In 1878, Adams became a partner for private banking firm Winslow, Lanier & Co. Through the firm, he gained a wide array of positions- including trustee, board member, chairman, and president- of multiple organizations and enterprises, including the Missouri Pacific Railroad Company consolidated mortgage, the Northern Pacific Terminal Company of Oregon, the Edison Illuminating Company, the St. Paul and Northern Pacific Railway Company, the New York, Ontario and Western Railway company, the Central and South American Telegraph Company, All America Cables, Inc., the Central Railroad of New Jersey, the American Cotton Oil Company, the Cataract Construction Company, the International Niagara Commission, and the Niagara Development Company. 

He received the John Fritz Medal in 1926.
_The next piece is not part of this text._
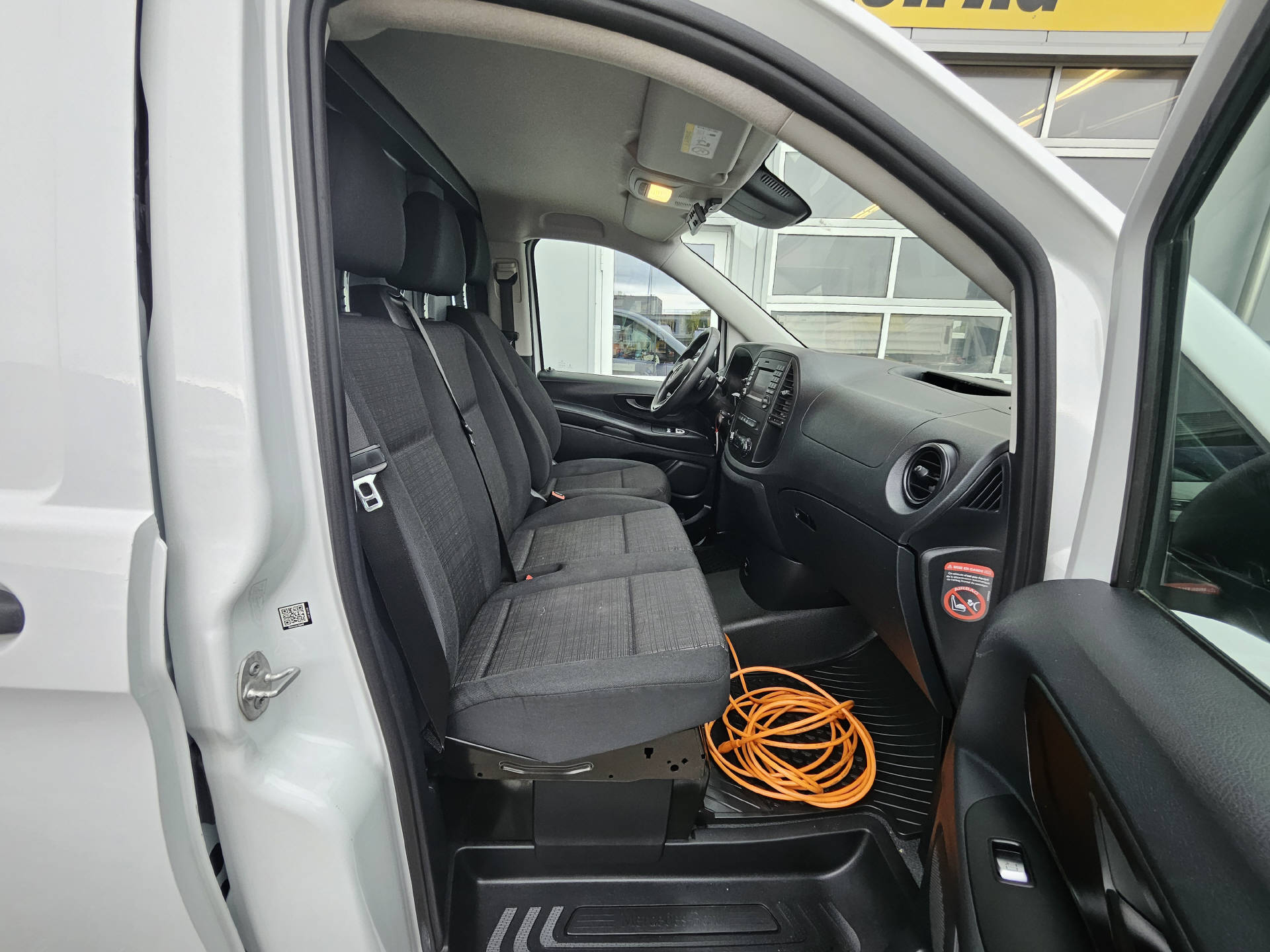 MERCEDES-BENZ Vito 114 Kaw. L 2.2 CDI * 4x4 * Standkühlung *-image-14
Association with the Metropolitan Museum of Art
Adams was a trustee of the Metropolitan Museum of Art for almost 40 years, and served in various capacities. He was a member and treasurer of the special committee for the acquisition of casts and reproductions; chairman of the Finance Committee (1905–1920), and a member of various committees, including the Executive Committee (1910–1931), the Building Committee, the Committee on Educational Work, the Committee on Prints, and the Library Committee.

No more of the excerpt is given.